Data excerpts
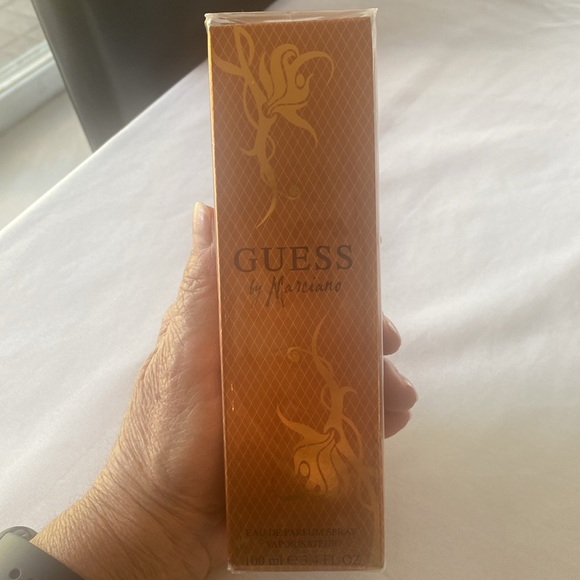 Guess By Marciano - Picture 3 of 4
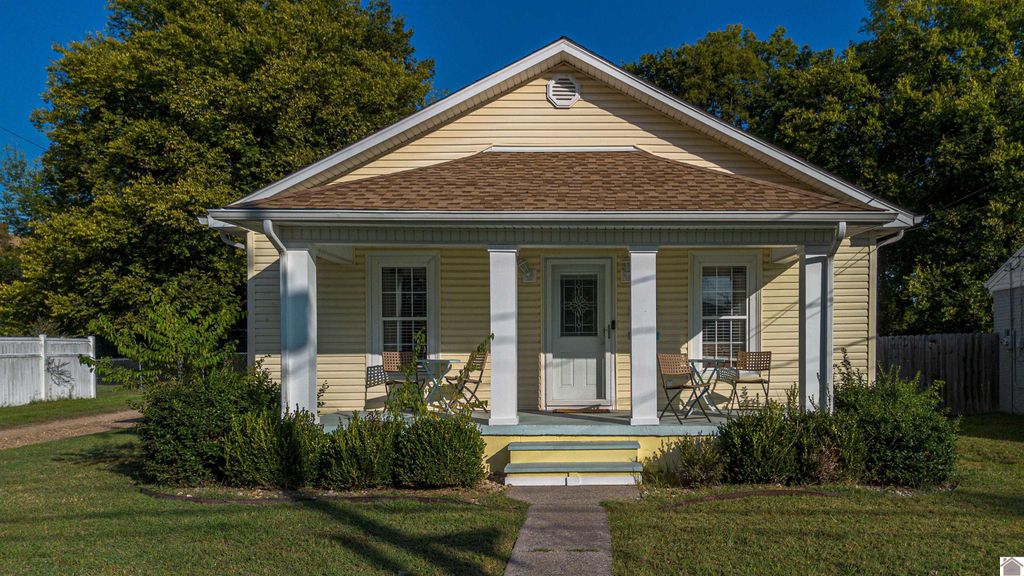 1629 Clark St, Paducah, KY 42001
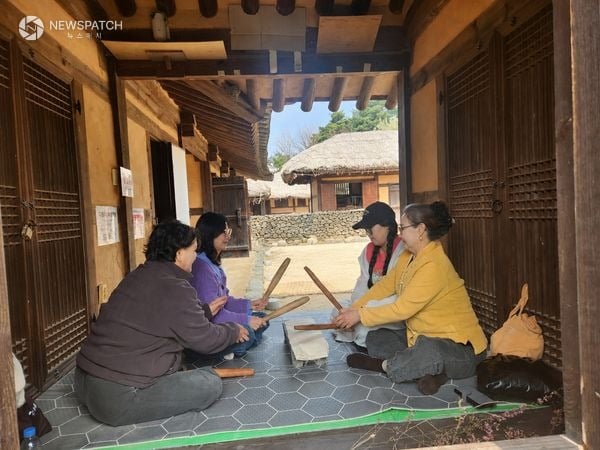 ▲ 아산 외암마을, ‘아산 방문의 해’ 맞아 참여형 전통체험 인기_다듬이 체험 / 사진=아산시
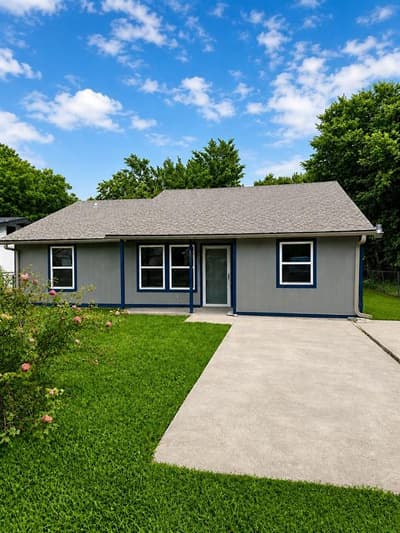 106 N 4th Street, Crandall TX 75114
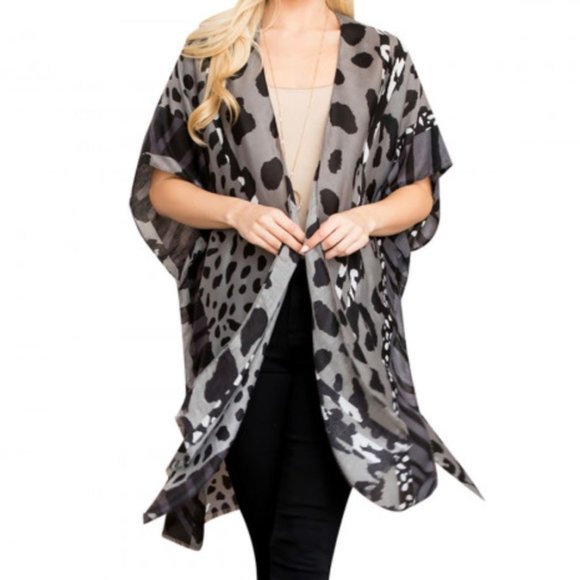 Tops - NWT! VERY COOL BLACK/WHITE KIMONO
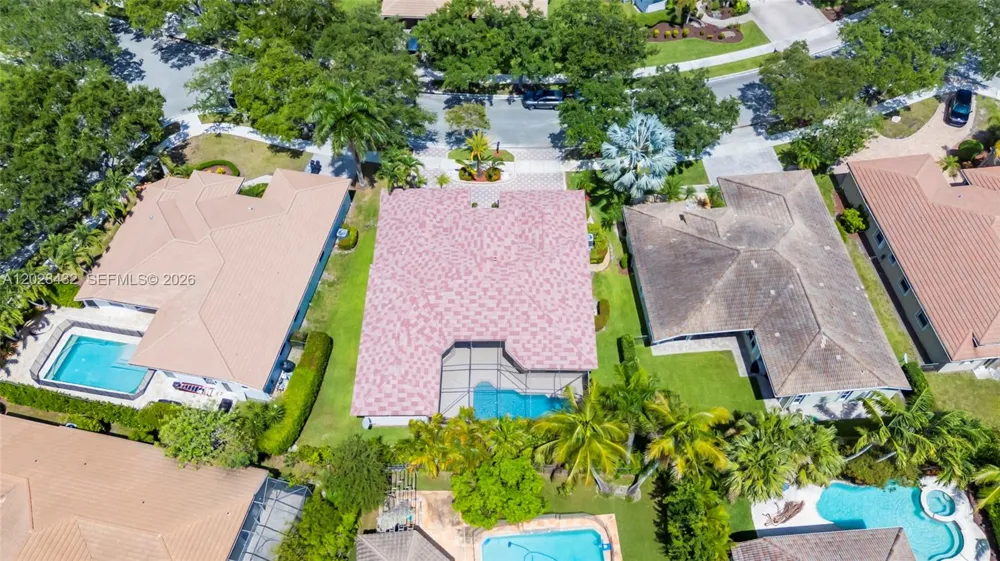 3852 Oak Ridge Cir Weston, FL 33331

Work to complete:
Retype every entry exactly as written. Leave the pictures out.

Reply:
 Guess By Marciano - Picture 3 of 4
 1629 Clark St, Paducah, KY 42001
 ▲ 아산 외암마을, ‘아산 방문의 해’ 맞아 참여형 전통체험 인기_다듬이 체험 / 사진=아산시
 106 N 4th Street, Crandall TX 75114
 Tops - NWT! VERY COOL BLACK/WHITE KIMONO
 3852 Oak Ridge Cir Weston, FL 33331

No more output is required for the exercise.